Few things are as graceful as a line floating through the air and resting on the surface of the water — for a just a moment — before returning to its airborne dance. Fly fishing is not an easy sport, but once you learn to tie a fly, master the cast, and hook your first fish, it’s hard to stop. When you’re out on the water, the chatter of daily life is replaced by the whirr of the reel and the rumble of the river — it’s solitude at its best.
If the promise of a remote escape isn’t enough to get you packing up your tackle box, then the beautiful places it takes you to will. Some of the best fly fishing in the U.S. can be found on quiet streams in open valleys, Caribbean-blue waters, and roaring rivers at the base of jagged peaks.
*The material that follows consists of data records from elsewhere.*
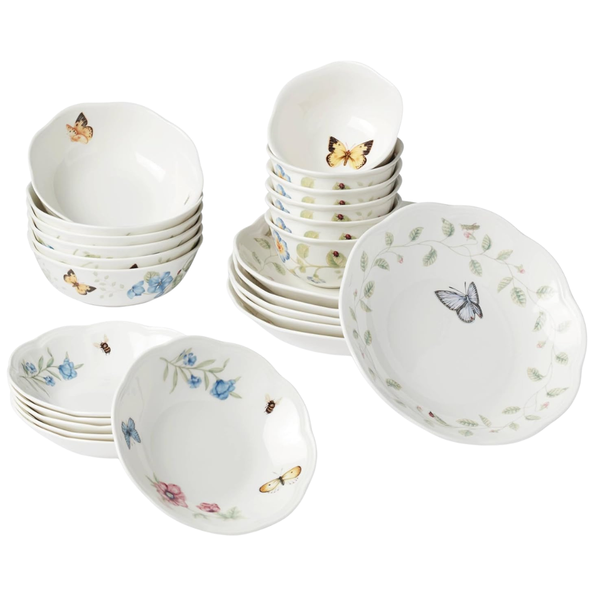 24-Piece Lenox Butterfly Meadow Porcelain Bowl Set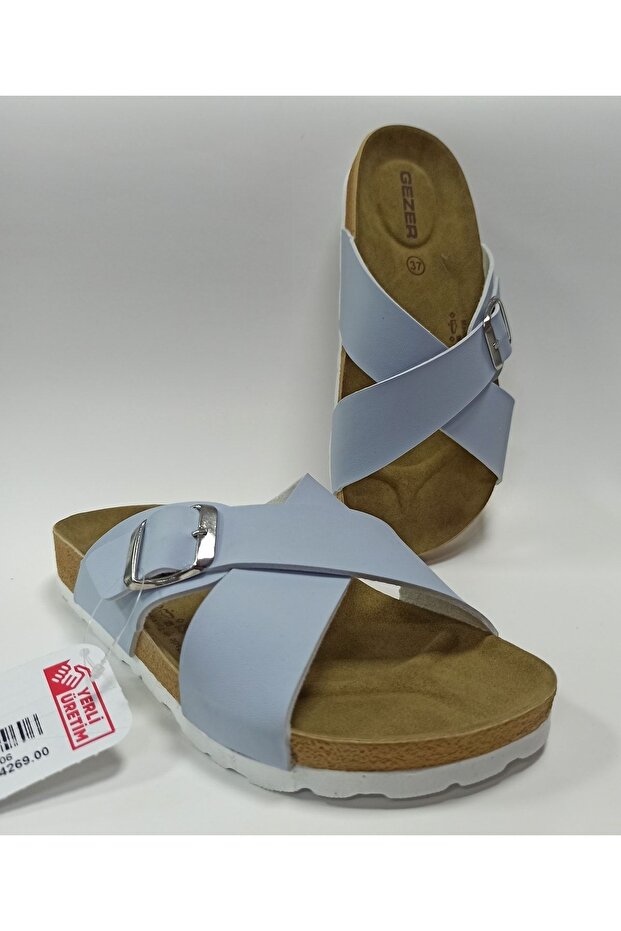 Birken Model Anatomical Sole Adjustable Cross Banded Ice Blue Unisex Daily Slippers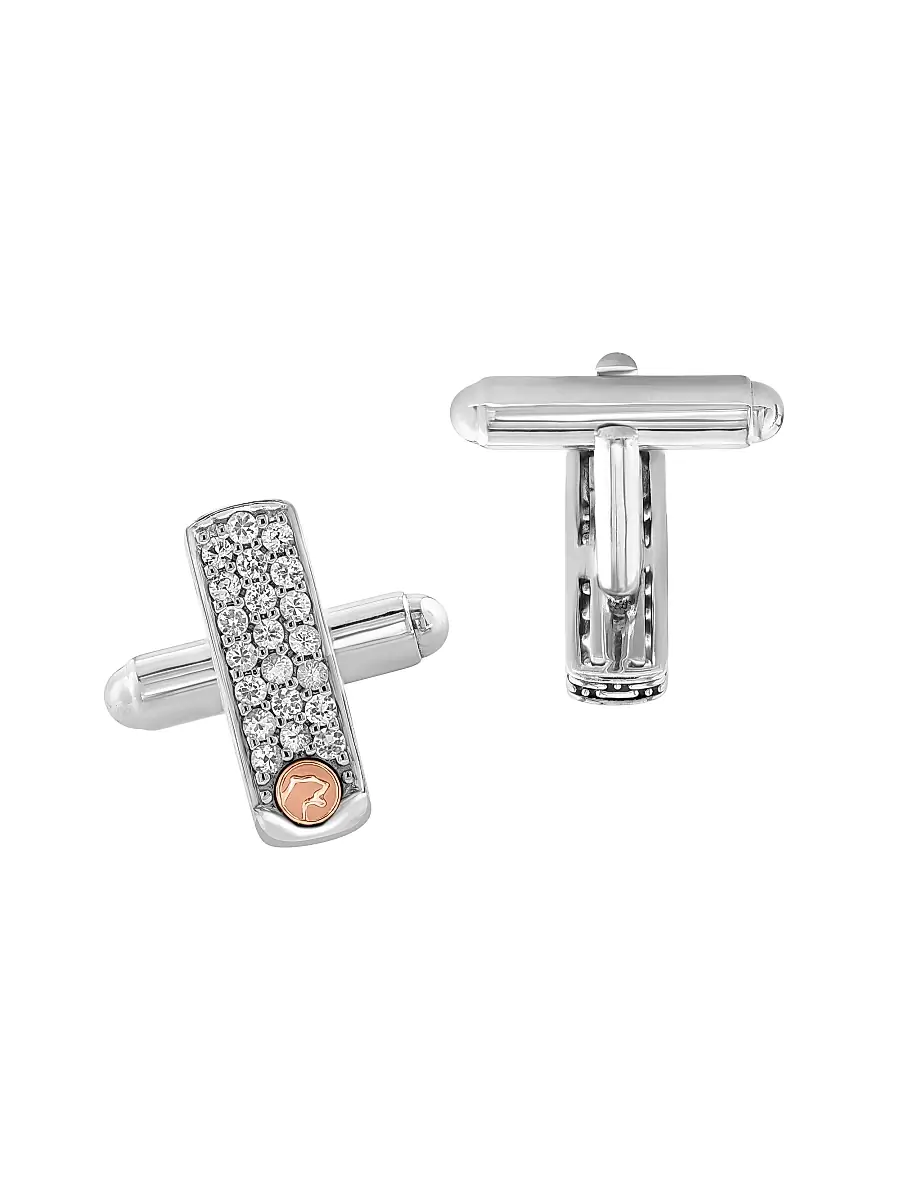 Saks Fifth Avenue Collection Men's COLLECTION 18K Yellow Gold, 925 Sterling Silver & White Sapphire Cufflinks | Thumbnail 3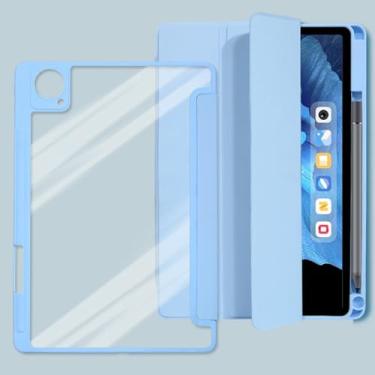 Imagem de Capa para tablet Tri-Fold Smart Tablet Case Compatible with VIVO Pad Air 11.5inch,with Pencil Holder, Clear Transparent Back Shell Slim Stand Shockproof TPU Cover, Auto Wake/Sleep (Size : Blue)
To help you plan a trip, we’ve curated a list of some of the best fly fishing spots in the U.S.
Rock Creek, Montana
The fish-rich waters of Rock Creek flow for 52 miles just southeast of Missoula. It’s a dreamy destination for trout lovers, with rainbow, brown, cutthroat, and bull trout found alongside Rocky Mountain whitefish. And the views aren’t bad either — the river flows under endless Montana skies through the wild Lolo National Forest.
For the best fishing, make your way to upper Rock Creek and plan your excursion for the morning, late afternoon, or evening. You can set up camp in the national forest, or book a stay at The Cabin at Grassy Knoll or The Ranch at Rock Creek.
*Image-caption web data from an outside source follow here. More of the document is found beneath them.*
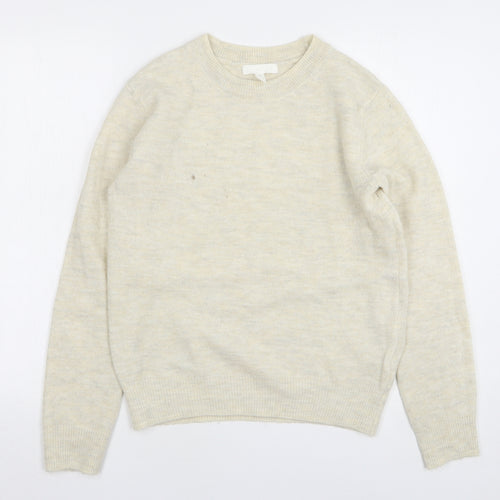 H&M Womens Beige Round Neck Acrylic Pullover Jumper Size S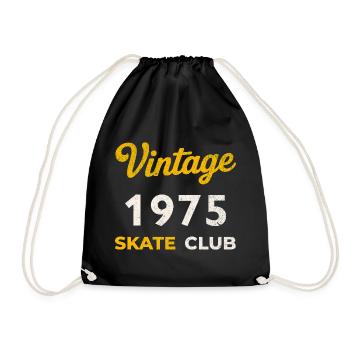 Vintage 1975 Skate Club Retro Geburtsjahr Geschenk - Turnbeutel - Schwarz - Vorne
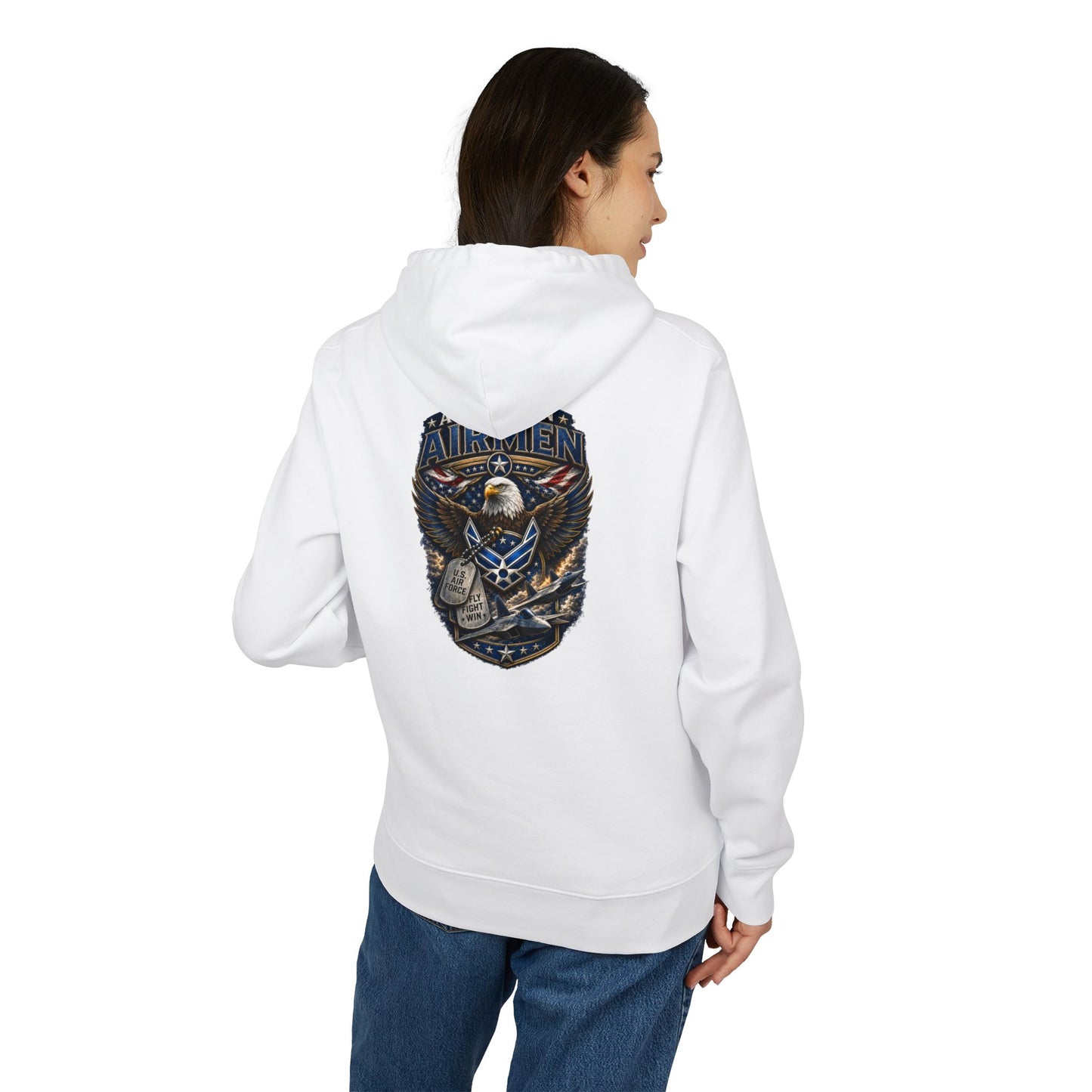 Airmen Eagle Emblem Hoodie – Military Pilot Aviation Graphic Sweatshirt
Gauley River, West Virginia
There’s plenty of great fly fishing in West Virginia – home to New River Gorge National River and Bluestone National Scenic River — but not much can top the Gauley River in the Gauley River National Recreation Area. You’ll find trout, walleye, and smallmouth bass, and a remoteness and beauty that tops most fly fishing destinations.
Bristol Bay, Alaska
You knew Alaska had to appear somewhere on this list. The northernmost state is home to larger-than-average Arctic grayling and rainbow trout, plus plenty of Pacific salmon. And even if you don’t catch anything (which is unlikely), you might spot an Alaskan brown bear, caribou, or moose. It’s a win-win.
Book your stay and a guided fly fishing trip with Bear Trail Lodge, and enjoy their gourmet, all-you-can-eat meal program.
Blue River, Colorado
The Blue River splits away from the mighty Colorado River near the town of Kremmling and flows south, winding its way through ranchlands and the towering Gore Range. While a kayak or canoe might glide by during the day, depending on where you go, you may have a stretch of this 65-mile river all to yourself. Just make sure to bring along some sunscreen and a solid sun shirt, so you’re ready to battle the intense Colorado sun.
You can post up in one of the many campgrounds surrounding Green Mountain Reservoir, or head south and book a room at Hotel Frisco in downtown Frisco. Just make sure you set aside enough time to visit the Rising Sun Distillery for a full tasting room experience.
Florida Keys, Florida
You don’t have to head to the mountains to find great fly fishing. Saltwater fly fishing poses its own set of challenges with big fat rewards — sometimes in the form of a 200-pound tarpon. When it comes to saltwater fly fishing, it’s hard to beat the Florida Keys, home to bonefish, tarpon, and permit.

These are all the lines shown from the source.